Concluo nosso raciocínio no sentido de que após a lavratura da prisão em flagrante que não comporte liberdade provisória na esfera policial, bem como, na prisão por cumprimento de mandado de prisão, entendemos que o preso deve ser apresentado e recebido pela COAPE/SEJUC mesmo havendo interdição judicial de estabelecimento prisional, porque esta interdição é daquele espaço prisional, havendo em todo o Estado outros espaços prisionais que podem receber o preso, bem como, é sua responsabilidade legal e funcional receber o preso provisório e encontrar uma alternativa viável de custódia para o mesmo e podemos citar para embasar estes argumentos, diversos dispositivos legais: Art. 2º da Lei Federal Nº 10.693/2003 e Art. 28, Inc.

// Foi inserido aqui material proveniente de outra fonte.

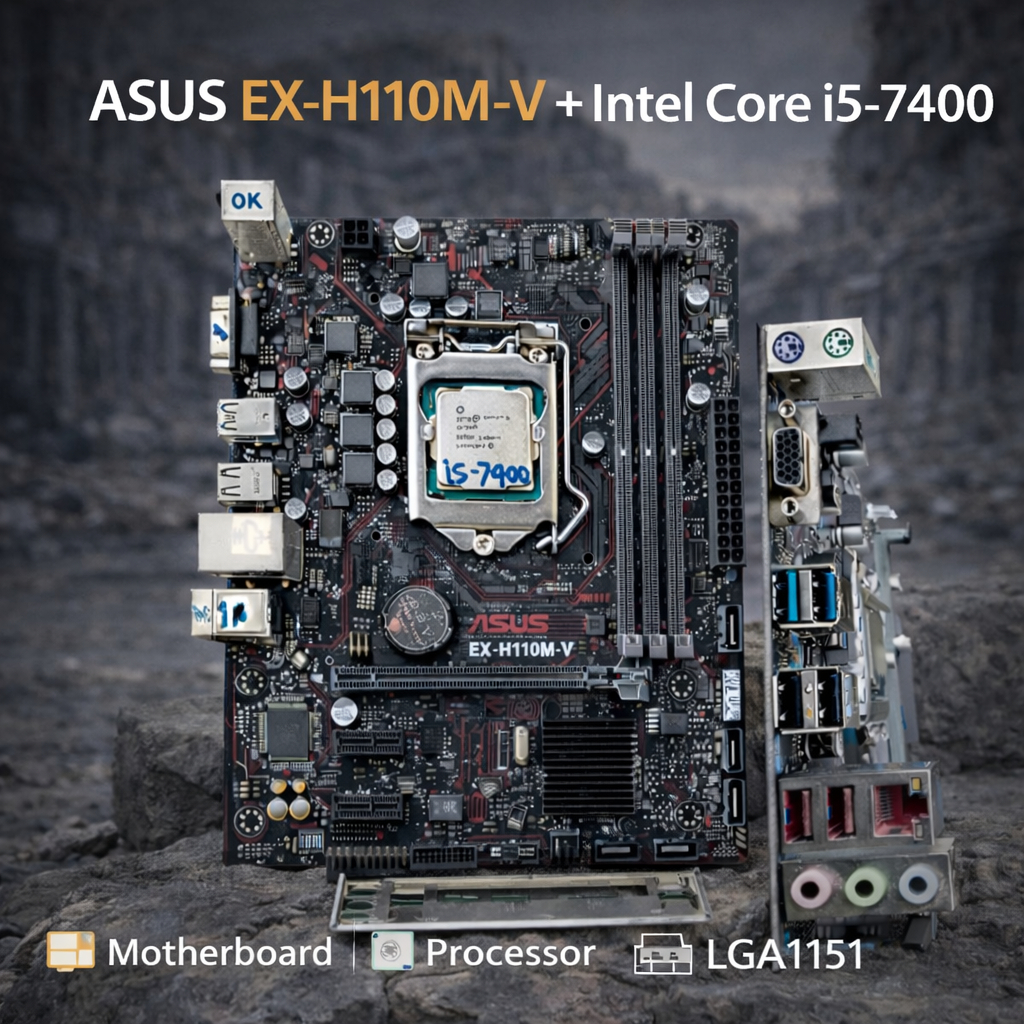 Paketan 1151 | Motherboard H110 LGA 1151 + Intel Core i5 7400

III, do Decreto Federal Nº 6.061/2007 (por analogia ou equivalência de função do agente penitenciário federal com o agente penitenciário estadual); Art. 102 da Lei Federal Nº 7210/1984 (que indica a cadeia pública como local de recolhimento de presos provisórios); Art. 1º da Lei Estadual 7131/1998 (que atribui à SEJUC a responsabilidade do sistema penitenciário do RN); Art. 2º da Lei Estadual Nº 270/2004 (Estatuto da Polícia Civil – onde o texto define a função da policia civil no âmbito da SESED); e por fim a Lei Estadual Nº 7.097/1997 que criou o cargo (ou cargos) de agente penitenciário estadual e definiu sua atribuição funcional.